# Troubleshooting Services¶

Services are the core of a DXP Cloud environment. This article covers troubleshooting techniques that can be used to investigate and address issues that may arise with DXP Cloud services.

## A Service is Continually Restarting¶

Services repeatedly restarting may signal an issue with the liveness or readiness probes for that service. When this happens, you may notice it in the General tab of the Activities panel, on the Overview for one environment.

Services that are continuously restarting due to a recurring liveness probe failure, may not complete start up before the liveness probe triggers a restart. If there is a readiness probe failure, then the readiness probe has failed to get the appropriate response a number of times in a row (possibly after the service has already fully started).

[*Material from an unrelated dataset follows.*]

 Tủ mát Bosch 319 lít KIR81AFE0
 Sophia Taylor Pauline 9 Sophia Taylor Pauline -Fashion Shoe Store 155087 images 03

To diagnose a service that is continually restarting, we recommend the following steps:

### Check Service Logs for Liveness or Readiness Probe Failures¶

Navigate to the service’s page to see the logs on the first tab. Scan the recent logs to find any that indicate a probe failure.

For example, a liveness probe failure message may look like:

Liveness probe failed: HTTP probe failed with statuscode: 500


### Review Probe Configurations¶

If you have customized your probe configurations for your environment, then it is possible that incorrect probe configuration causes the probe failures. To rule this out as the cause of probe failures, check the configurations of your liveness and readiness probes and make sure they match your environment.

Navigate to the service having problems, and hovering your cursor over the status icon (the ellipsis or “Ready” icon):

Click on the probe in question to see its configuration:

timeoutSeconds: 10
httpGet: path: /c/portal/layout
port: 8080

initialDelaySeconds: 120
periodSeconds: 15
failureThreshold: 3
successThreshold: 3


If the probe configuration values(such as the path or port values) are incorrect for your environment, then adjust them to the expected values in the service’s LCP.json file, in your project repository. Find this file in the directory corresponding to the service (e.g., liferay/), and then deploy the changes to your testing environment.

If your service’s LCP.json file does not already have the probe configurations, then you can copy the configurations shown in the console and convert them to JSON format while applying your changes. For example, readiness and liveness probe configurations for the liferay service may look like:

{
"httpGet": {
"path": "/c/portal/layout",
"port": 8080
},
"initialDelaySeconds": 120,
"periodSeconds": 15,
"timeoutSeconds": 10,
"failureThreshold": 3,
"successThreshold": 3
},
"livenessProbe": {
"tcpSocket": {
"port": 8080
},
"initialDelaySeconds": 300,
"periodSeconds": 60,
"timeoutSeconds": 10,
"failureThreshold": 3,
"successThreshold": 1
}
}


The default probe configurations should work for most environments. If you have not changed the probe configurations at all, then the issue is likely not a matter of incorrect configuration.

### Review Service Logs for Startup Errors¶

If your probe configurations are correct, then the probes failing may be a sign of a problem with the service itself.

Check the logs to look for any error messages that may indicate a failed startup. If you can identify an error or problem in the startup logs, then this may be what is causing one or more probes to fail, which would trigger a service restart.

Tip

For the Liferay service, look for this message to signal the first logs after a restart: [LIFERAY] To SSH into this container, run: "docker exec -it liferay-<node-id> /bin/bash".

Contact Support if you need assistance in handling Liferay startup errors.

If there are no obvious errors or problems in the startup logs for your service causing the probe failures, but the service is still restarting, then an adjustment to the probe configurations may be necessary.

Services that take a long time to start up can lead to the liveness probe timing out early, triggering a service restart. This is likely the case if the normal startup logs have not all appeared by the time the probes fail and trigger a restart. This is not as likely to be the case if it is the readiness probe failing after the service has already fully started.

• Increase the initialDelaySeconds value for the probes to wait longer before checking the service.

• Increase the failureThreshold to force the probes to make more attempts before triggering a service restart.

• Increase the timeoutSeconds value to reduce the chance of a probe failure, if responses from the service are slow.

Increase one or more of these values in the probe configurations (in the service’s LCP.json file) and deploy the changes as appropriate for your service if slowness is causing service restarts. However, avoid setting these values too arbitrarily high, because the changes will apply to the probes for every service restart in the future.